En cayo Contrabando siendo una niña, labré unos asienticos en una piedra de ese sitio, creo que fue uno de los pocos juguetes que tuve en mi infancia. Contrabando es un cayito muy pequeño, recuerdo que un día apareció un hueco en un lugar algo apartado, era un huequito muy curioso que a todos llamó la atención, unos decían que se trataba de una botija que alguien había sacado, otros que aquello era cosa de almas en penas, en fin que todo quedó en el mayor de los misterios.

Muy jovencita me junté con Urbano Mangano, pescador y carbonero como nosotros, con él tuve 4 varones y 2 hembras, todos estuvieron a nuestro lado en las buenas y en las malas, contra viento y marea, pasando las de Caín la mayor parte del tiempo.
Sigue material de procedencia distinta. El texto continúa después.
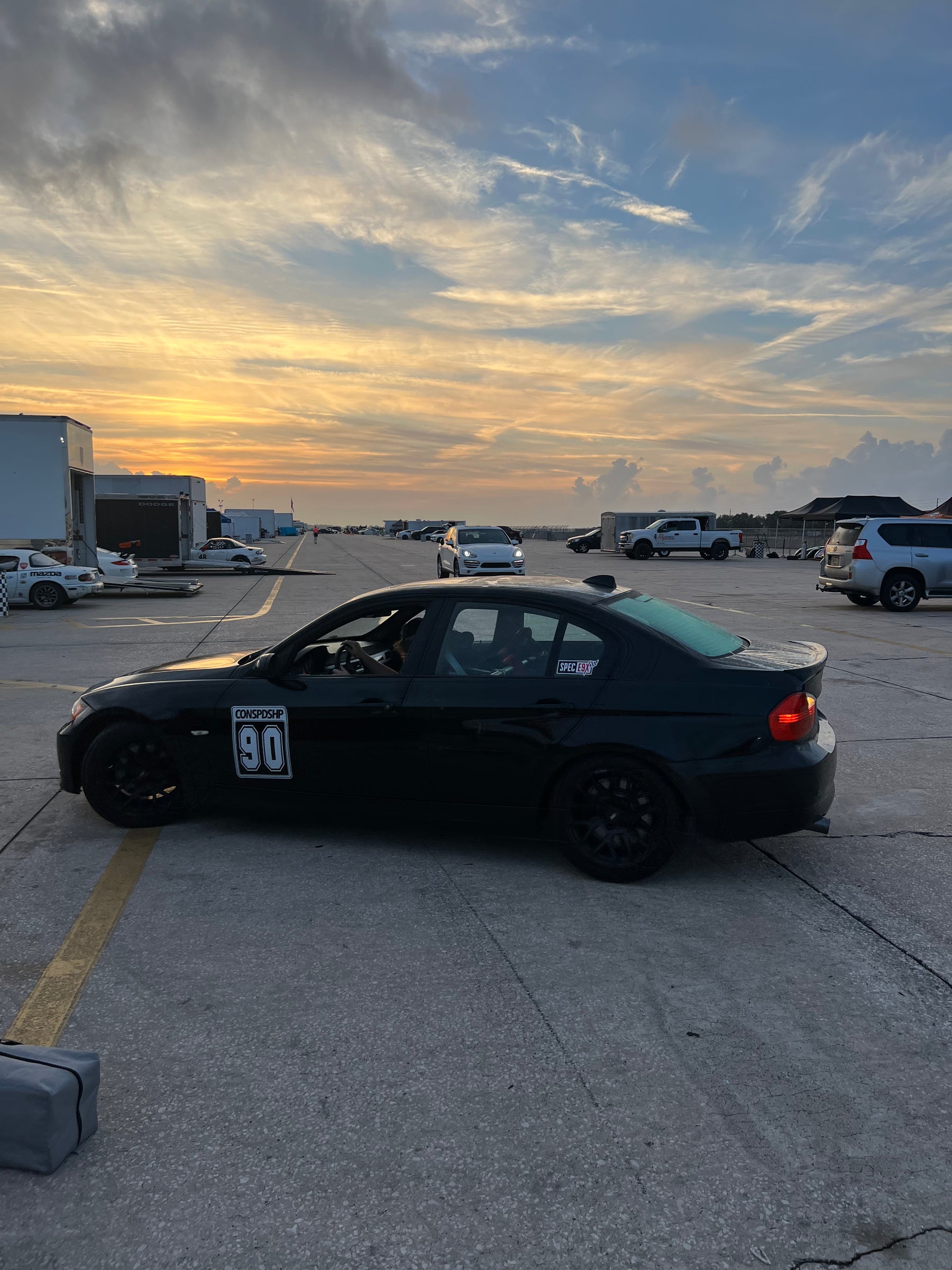Going in Green 4 - Sebring Summer Event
Del mar nos servíamos mucho, sobre todo en lo referente a la alimentación. Realmente la langosta, el cangrejo moro, el pescado y hasta la jutía raras veces nos faltaban. En aquel entonces todos aquellos lugares estaban vírgenes y sobre todo los pejes estaban satos. Cuando se capturaba una picúa, teníamos miedo de que estuviera ciguata, pero no la despreciábamos, se le cortaba la cabeza y la poníamos en un hormiguero, y si estos bichos no se espantaban era que se podía comer. Otra técnica era dársela de comer a un gato y, si éste no largaba el pelo o los dientes, significaba que no había peligro de ciguatera (intoxicación que provoca vómitos y caída del pelo).

Viviendo en Contrabando nos sorprendió una vez un cicloncito, aquello fue grimoso, metía miedo. Las ráfagas de vientos nos desaparecieron un patiecito de gallina que ya habíamos formado y el vara en tierra donde dormíamos fue a parar a faro Caimán por lo menos. Aquel día tuvimos que treparnos en los mangles más altos para no ahogarnos. Pasamos el susto del siglo.

Las plagas de jejenes y mosquitos eran algo horroroso. Nosotros teníamos en el ranchito unos camastros de palo como camas y cuando bajaba la plaga usábamos como mosquiteros unas manteletas de sacos de yute donde se envasaba el azúcar. El calor que aquello metía era horrible, era para derretir a cualquiera, sudábamos y nos faltaba hasta el aire, pero peor era ser comido por la plaga.

Un día llegó una chalana para avisarnos de que Batista había salido chancleteando del país y la noticia me dio tanta alegría que le caí a patadas al vara en tierra. Urbano, mi esposo, me atajaba diciendo que yo me había vuelto loca. Yo no sabía ni jota de política, pero comprendía que la cosa cambiaría para bien porque más jodidos no podíamos estar.

En 1962 la fecha jamás la he podido olvidar, vinieron a avisarnos de que todos teníamos que regresar a nuestros hogares oficiales. En ese mismo año comencé a aprender las primeras letras, y mi vida comenzó a cambiar.


GLOSARIO:

  • Cachuchita: Un tipo de barco pequeño, auxiliar.
  • Cayuelo: Un cayo pequeño.
  • Chalanita: sinónimo de Cachuchita.
  • Nortazo: Viento fuerte que viene del norte, por lo regular con agua.
  • Ensenacho: Ensenada pequeña.
  • Cobos: Especie de caracol, grande, apreciado por la belleza de la concha.
  • Chiliches: Pertenencias rudimentarias de una persona o una familia.